The next step will be testing the antibodies against other cancer cells, she said.

“We have a whole array of studies planned to see how useful the antibodies will be,” Felding-Habermann said. “We are in a very pre- clinical state, but we definitely would like to try and translate it to the bedside and give it a chance.”

Old-line chemotherapy often works well, but it does so at great cost – by poisoning both cancerous and non-cancerous cells. The next generation of cancer drugs is being designed “rationally” by looking at the molecular and genetic signatures unique to cancer cells, said Richard Jove, a molecular oncologist who is associate director of the Moffitt Research Institute of the H. Lee Moffitt Cancer Center in Tampa.

As they find these targets, scientists are looking for ways to hit them with antibodies or small molecules that fit like a hand in a glove.

“We are entering a new era,” Jove said. “What we have to do – and it’s going to take time – is to identify all of the molecular targets that are present in cancer. We know how to do this now.”

Several drugs developed through this new approach recently were approved by the U.S. Food and Drug Administration, and in some cases are being used in conjunction with chemotherapy.
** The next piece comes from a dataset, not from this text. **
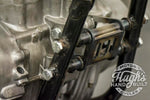 A set of Hughs HandBuilt XS650 Motor Mount Kit (74-Up) bolts, nuts, and washers for a motorcycle chassis.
Herceptin, an antibody-based treatment, attacks some – not all – breast cancer cells. It fights those covered with a protein called HER2 that signals tumor cells to grow and divide. Gleevec treats chronic myeloid leukemia and gastrointestinal stromal tumors by blocking abnormal signaling proteins called abland c-kit.

Avastin, used to treat colon cancer, blocks a protein called Vascular Endothelial Growth Factor, which feeds tumors by growing new blood vessels. Tarceva is a new therapy for some types of lung cancer. It targets one kind of cell-signaling protein called an epidermal growth factor receptor. The new class of cancer treatments represents the tip of the iceberg, Jove said.

Many more are needed, and many more must be studied, he said.

That’s because there are literally hundreds of genetic variations between cancer cells, and no drug can be expected to work on all of them.

“How many genes are implicated in cancer? That’s a really good question, and that’s what a lot of people are trying to answer. We do know that hundreds of genes are implicated in cancer, but my guess is we’re going to find more,” Jove said.

Since not everyone’s cancer will respond to the new drugs, genetic tests are being developed that indicate one person’s likelihood of responding to a given product.

Complicating matters, cancer cells are continually mutating, meaning that the disease can be held in check by a drug for a while, until the few resistant stragglers multiply in sufficient numbers to require a different approach. “Just like antibiotics, they become resistant, and we need second-line and third-line treatments,” Jove said. “Our goal now is to turn cancer into a chronic disease so it can be managed.”

The Scripps antibodies, called Bc12 and Bc15, may one day join that arsenal. They also might offer a way to find out early on if a patient’s cancer is spreading. By engineering a substance onto the antibody that shows up in medical scans – such as iodine – it could help flag spreading breast cancer long before visible tumors form.

Felding-Habermann hopes it will offer real benefits for the hundreds of thousands of people suffering with breast cancer.

“I devote all the time I have to this research,” she said, “and I hope to really make a difference.”